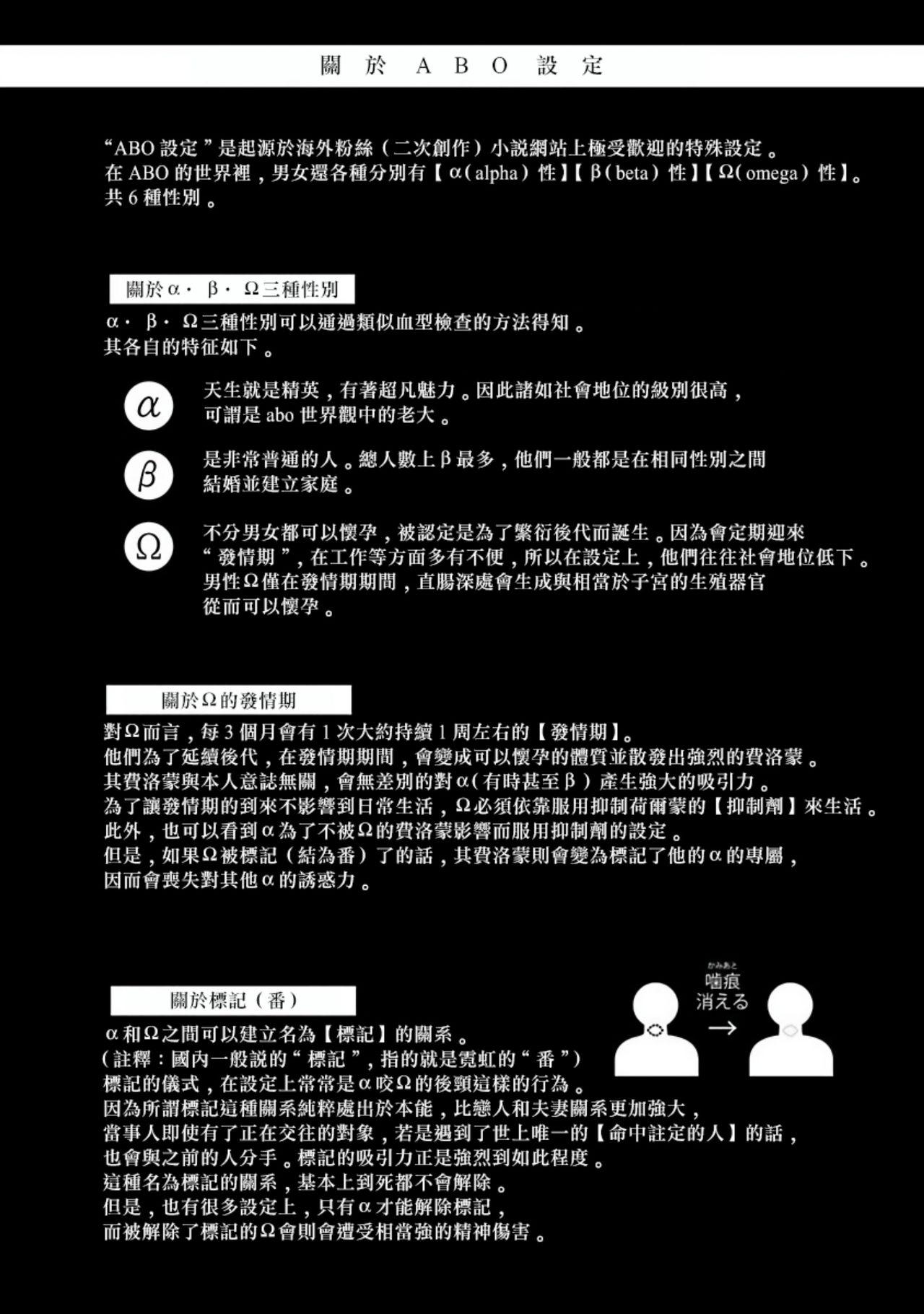爷太 ダブルフェイク－Double Fake－ つがい契约 16番外实体书特典 中国翻訳 DL版-第1章-图片127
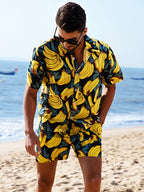 Men’s Beach Summer Holiday Patterned Sets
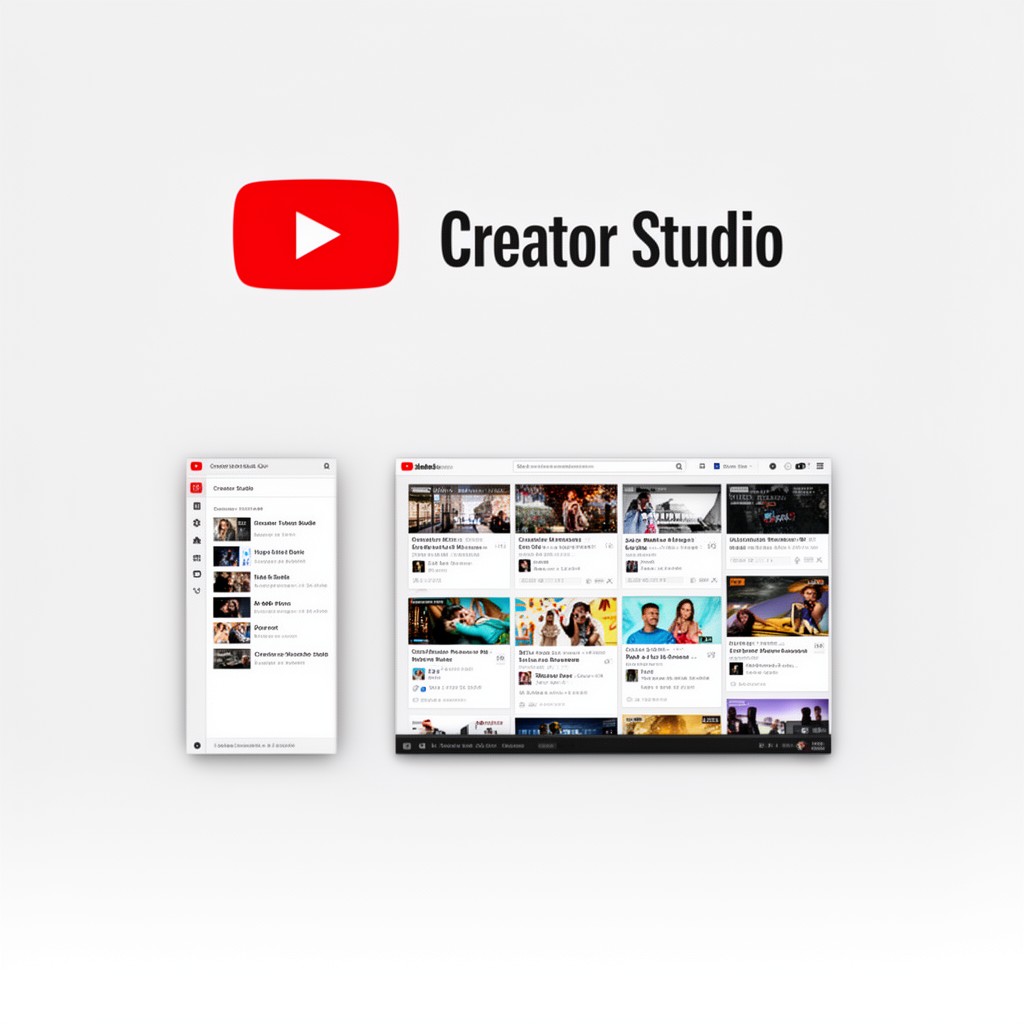 AI-generated illustration of Creator Studio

▬▬▬

» **Your task**:
Transcribe all of the material exactly and leave out its pictures.

» **Exercise response**:
爷太 ダブルフェイク－Double Fake－ つがい契约 16番外实体书特典 中国翻訳 DL版-第1章-图片127
 Men’s Beach Summer Holiday Patterned Sets
 AI-generated illustration of Creator Studio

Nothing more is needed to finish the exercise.